■ **PROBLEM**: With pictures omitted, the line containing "Schmetz Machine Needle" and all later lines of the records below are to be restated word for word.

■ **DATA SUPPLIED**:
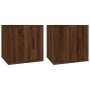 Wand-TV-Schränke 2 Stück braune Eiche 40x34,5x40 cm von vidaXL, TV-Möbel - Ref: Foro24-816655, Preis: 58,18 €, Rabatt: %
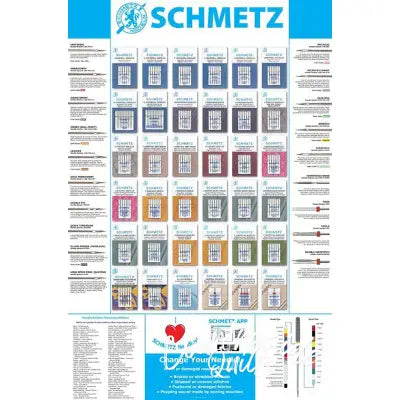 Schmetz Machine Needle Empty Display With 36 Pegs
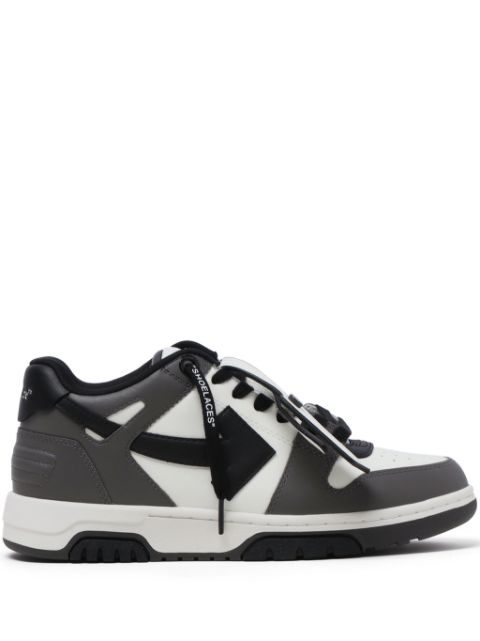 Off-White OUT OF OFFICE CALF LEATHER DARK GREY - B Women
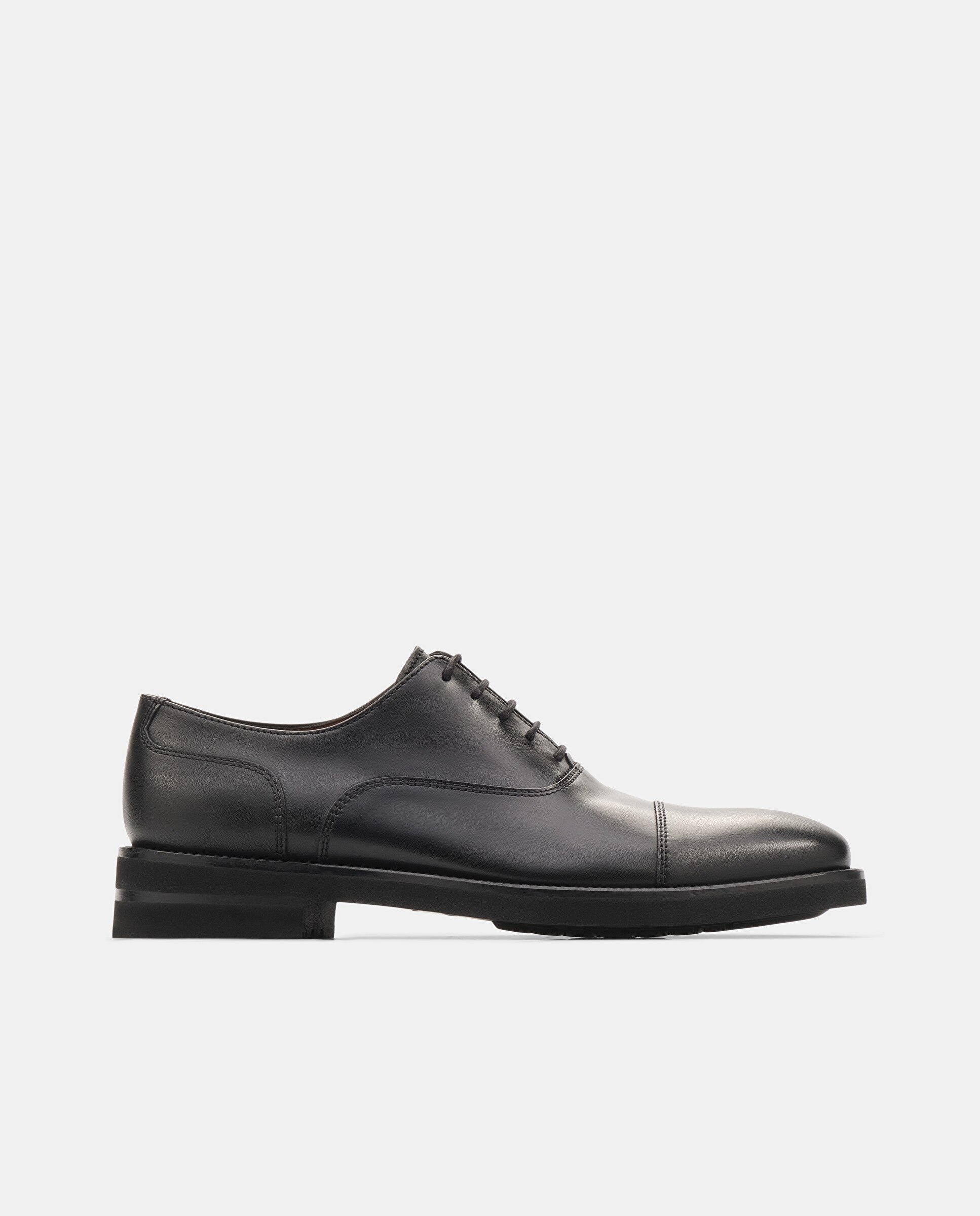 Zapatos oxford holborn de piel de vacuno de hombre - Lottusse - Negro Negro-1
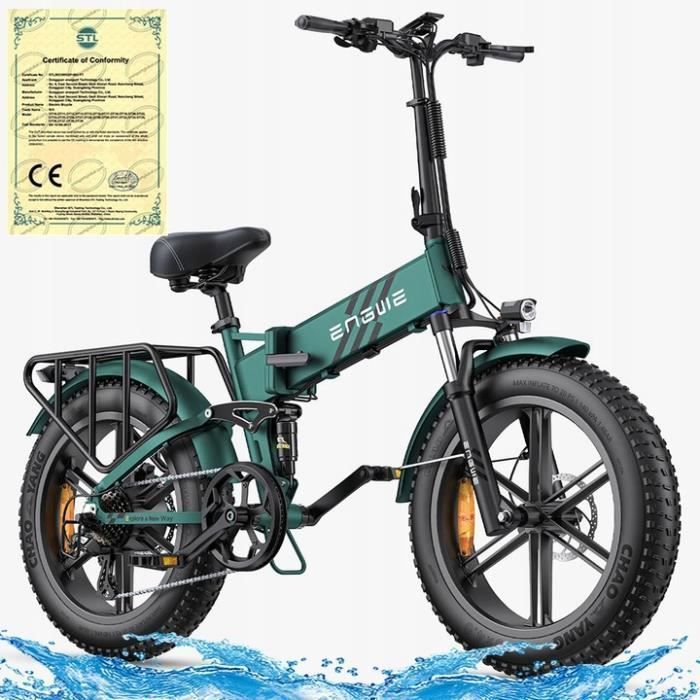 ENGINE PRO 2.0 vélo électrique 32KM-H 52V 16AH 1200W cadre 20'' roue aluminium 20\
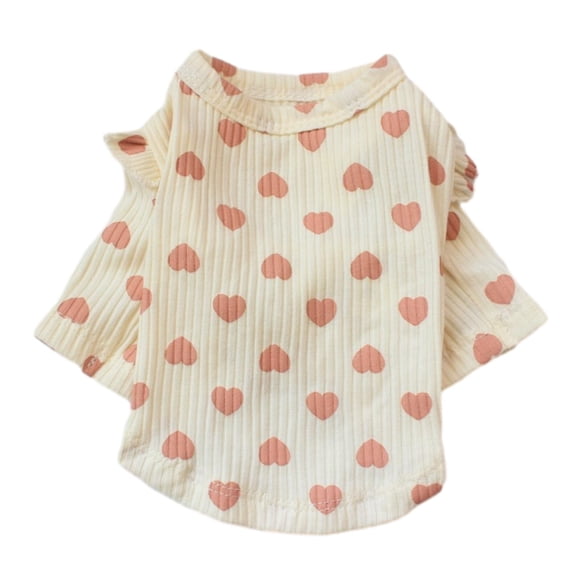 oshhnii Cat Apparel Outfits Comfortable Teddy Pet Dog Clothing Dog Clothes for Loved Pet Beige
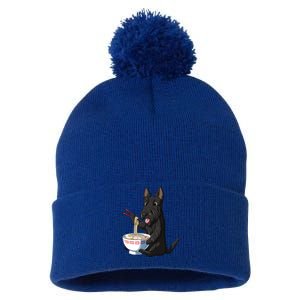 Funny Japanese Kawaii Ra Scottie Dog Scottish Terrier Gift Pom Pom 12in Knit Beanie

■ **TASK ANSWER**:
 Schmetz Machine Needle Empty Display With 36 Pegs
 Off-White OUT OF OFFICE CALF LEATHER DARK GREY - B Women
 Zapatos oxford holborn de piel de vacuno de hombre - Lottusse - Negro Negro-1
 ENGINE PRO 2.0 vélo électrique 32KM-H 52V 16AH 1200W cadre 20'' roue aluminium 20\
 oshhnii Cat Apparel Outfits Comfortable Teddy Pet Dog Clothing Dog Clothes for Loved Pet Beige
 Funny Japanese Kawaii Ra Scottie Dog Scottish Terrier Gift Pom Pom 12in Knit Beanie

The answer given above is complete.